Start of Block

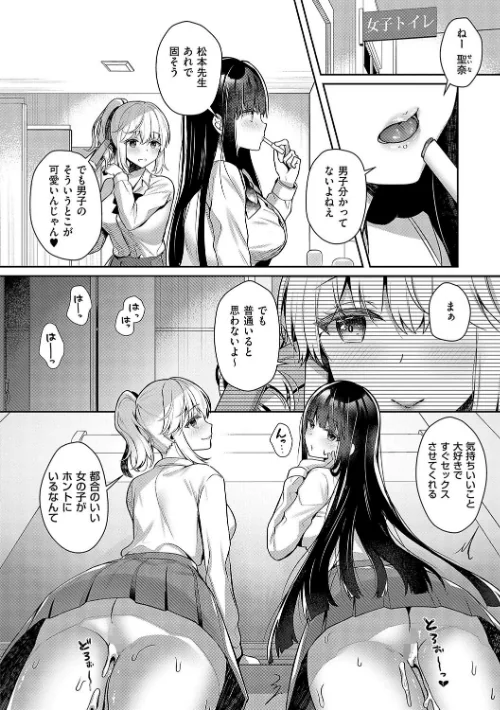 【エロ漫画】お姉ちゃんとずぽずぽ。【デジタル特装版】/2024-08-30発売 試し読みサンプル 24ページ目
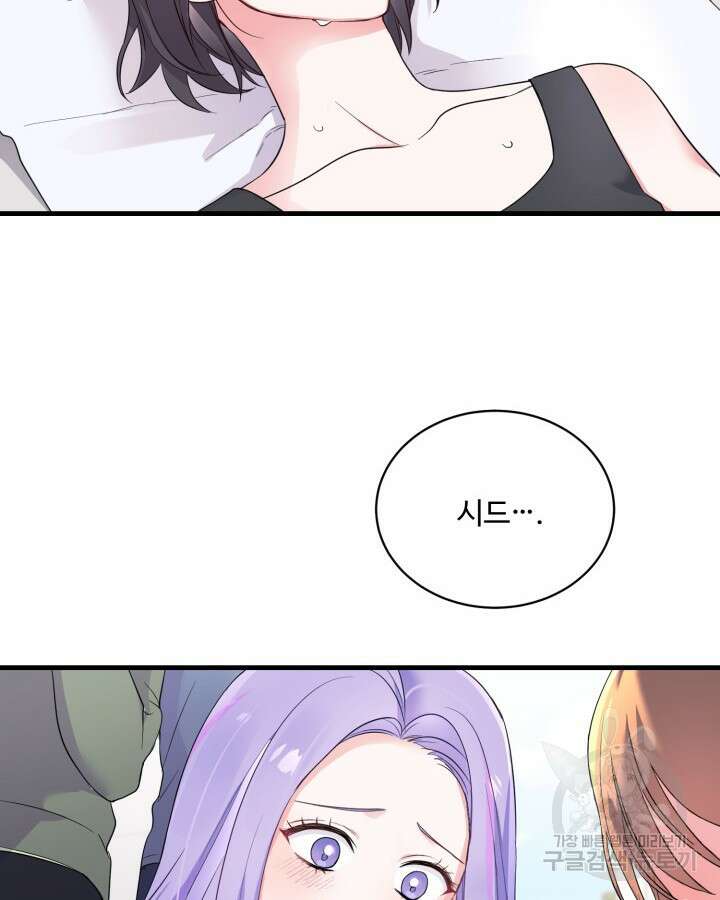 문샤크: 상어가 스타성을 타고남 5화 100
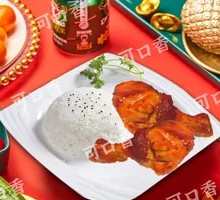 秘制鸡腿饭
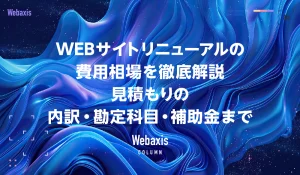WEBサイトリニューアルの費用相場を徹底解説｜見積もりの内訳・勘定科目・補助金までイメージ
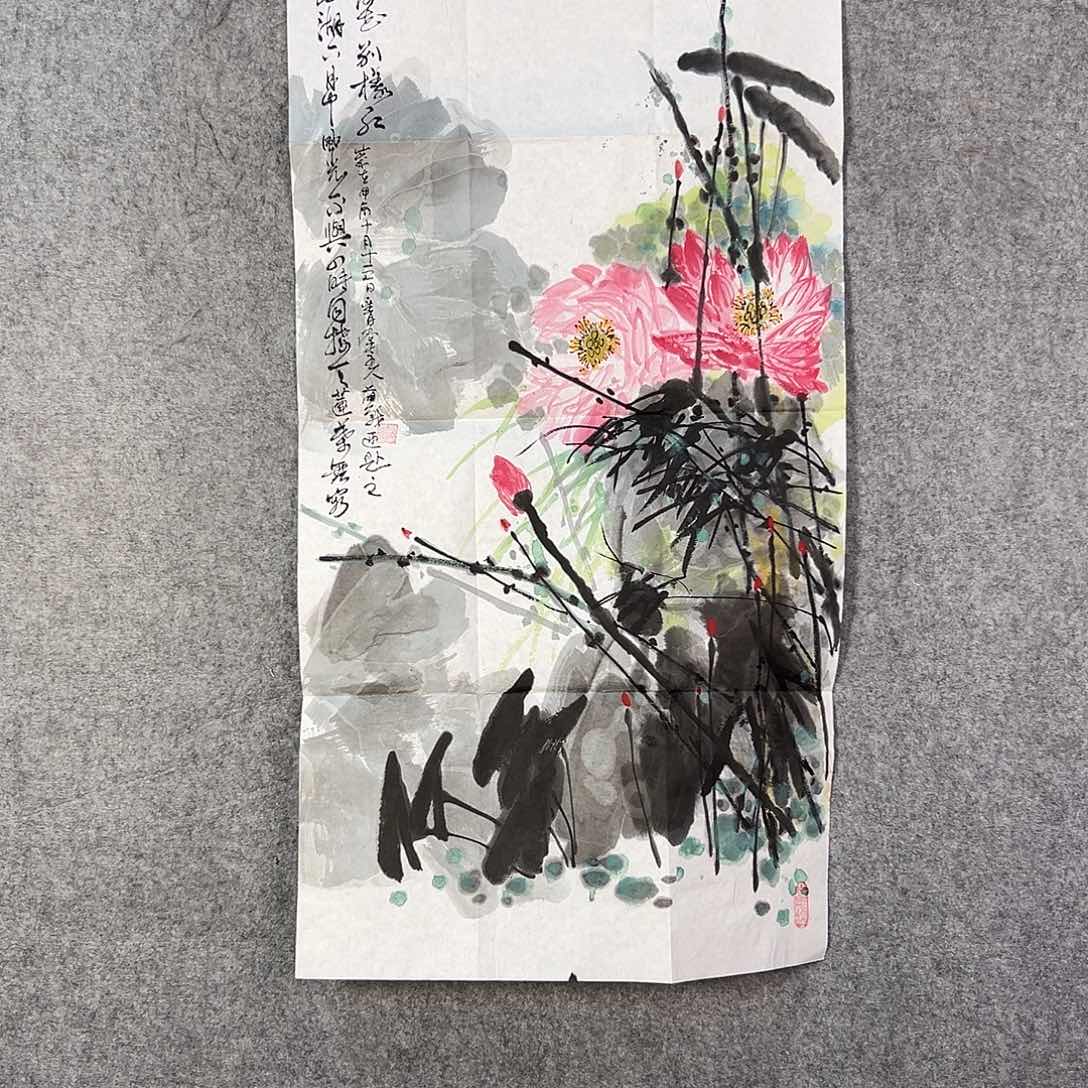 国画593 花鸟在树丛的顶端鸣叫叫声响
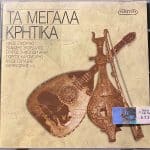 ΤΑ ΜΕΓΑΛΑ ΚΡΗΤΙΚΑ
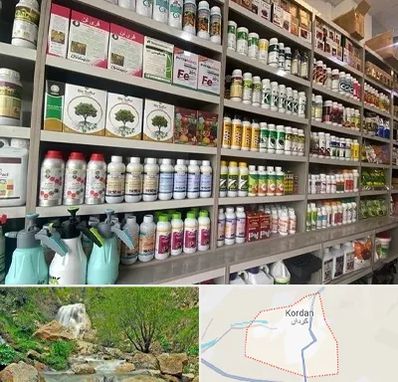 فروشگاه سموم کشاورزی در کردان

End of Block
Start of Block

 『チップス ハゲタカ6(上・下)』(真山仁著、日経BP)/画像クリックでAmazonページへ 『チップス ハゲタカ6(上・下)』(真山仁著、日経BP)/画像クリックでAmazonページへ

End of Block

Your goal: Repeat the lines above exactly, beginning with the one containing "国画593 花鸟在树丛的顶端鸣叫叫声响" and finishing with the one containing "فروشگاه سموم کشاورزی در کردان". No pictures belong in the copy.

Answer to this task:
 国画593 花鸟在树丛的顶端鸣叫叫声响
 ΤΑ ΜΕΓΑΛΑ ΚΡΗΤΙΚΑ
 فروشگاه سموم کشاورزی در کردان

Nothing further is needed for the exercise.